Look, there’s plenty of time to learn structure, plot, dramatic action and character and all that other good stuff that comprises a story but sometimes, when writing, we can feel overwhelmed, weighed down by all the tools we have to carry along the way. If you’re tying yourself in knots trying to extricate yourself out of a tricky plot hole, maybe you’re holding too closely to the Apollonian view of the world? The rational, controlling mind can sometimes stop us from allowing us to see what is trying to be written through us and that’s where Dionysus comes in. 

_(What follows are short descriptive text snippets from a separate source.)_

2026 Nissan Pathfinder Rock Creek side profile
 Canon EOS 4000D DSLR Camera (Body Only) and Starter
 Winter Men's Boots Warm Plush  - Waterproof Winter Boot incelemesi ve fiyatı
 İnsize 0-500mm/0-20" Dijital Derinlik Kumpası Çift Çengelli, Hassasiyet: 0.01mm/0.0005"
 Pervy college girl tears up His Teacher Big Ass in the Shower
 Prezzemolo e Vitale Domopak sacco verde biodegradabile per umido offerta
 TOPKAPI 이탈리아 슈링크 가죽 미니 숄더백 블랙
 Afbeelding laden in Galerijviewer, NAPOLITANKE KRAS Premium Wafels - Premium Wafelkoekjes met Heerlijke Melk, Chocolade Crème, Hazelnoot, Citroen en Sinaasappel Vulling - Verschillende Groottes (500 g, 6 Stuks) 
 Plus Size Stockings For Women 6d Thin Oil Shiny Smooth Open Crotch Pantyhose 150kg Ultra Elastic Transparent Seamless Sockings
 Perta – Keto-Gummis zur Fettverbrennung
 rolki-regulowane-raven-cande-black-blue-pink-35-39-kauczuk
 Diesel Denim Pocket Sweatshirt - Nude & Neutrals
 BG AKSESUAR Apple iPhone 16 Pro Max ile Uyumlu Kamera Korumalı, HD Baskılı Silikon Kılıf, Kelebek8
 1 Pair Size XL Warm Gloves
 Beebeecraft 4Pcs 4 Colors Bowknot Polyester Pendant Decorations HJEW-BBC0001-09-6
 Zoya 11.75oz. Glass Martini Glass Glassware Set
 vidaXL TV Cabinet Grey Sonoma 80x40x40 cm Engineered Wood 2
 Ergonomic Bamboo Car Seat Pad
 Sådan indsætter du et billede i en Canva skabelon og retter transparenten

Often when mentoring writers, a young writer will say to me, ‘I don’t know what to write.’ To this my answer is, ‘that’s okay, you don’t have to know, can you write one word?’ They might roll their eyes and say, ‘yeah.’ ‘Well just write one and then another, they don’t even have to make sense, maybe it’s just a list of nonsensical words.’

Here’s an example; roughness, languid, special, carcrash, convivial, lollygagging. 

Okay, so what? They’re just words and I’m trying to write War and Peace over here, an epic about the innate problems of our milieu and you’re just writing random words? What the helly?

Good point. Let’s give these words some context. 

The ROUGHNESS of the builders hands were always cause for concern when they were in the company of the social elite. The builder looked around at the LANGUID socialites, lazing on the lawn by the plunge pool. He thought them part of a SPECIAL class, an immutable class, a level of refined human civility he would never attain and he could feel this in the roughness of his hands. This cold reality of class came hurtling towards like a CARCRASH, the whiplash shocking him back to reality. He saw the CONVIVIAL genteel sunworshippers, LOLLYGAGGING by the pool and turned his back on them, leaving in disgust. 

So at the beginning of this I didn’t know I was going to write about a disgruntled labourer reconciling their position in the world but I wrote it. 

Sometimes, it’s not about what you want to write but what wants to be written through you. 

There’s a deep well, an infinite pond of ideas, thoughts, stories, all swimming around within us and without and often all we have to do is loosen the reigns, get our Apollonian brain out of the way long enough that the primordial stew can bubble up into something onto the page. 

Sure, eventually if you want to structure something to make a reader feel certain ways at certain times, we’ve got to learn all those things I mentioned earlier like dramatic action and structure; the tools of the trade, but if you’re stuck, give yourself permission to throw all that aside and just write. 

N.B – The thrust of these thoughts around writing were handed down to me from the wonderful playwright and theatremaker Sibyl Kempson who I have had the good fortune of being mentored by. It feels only appropriate to pass them along to those I now have the privilege to mentor.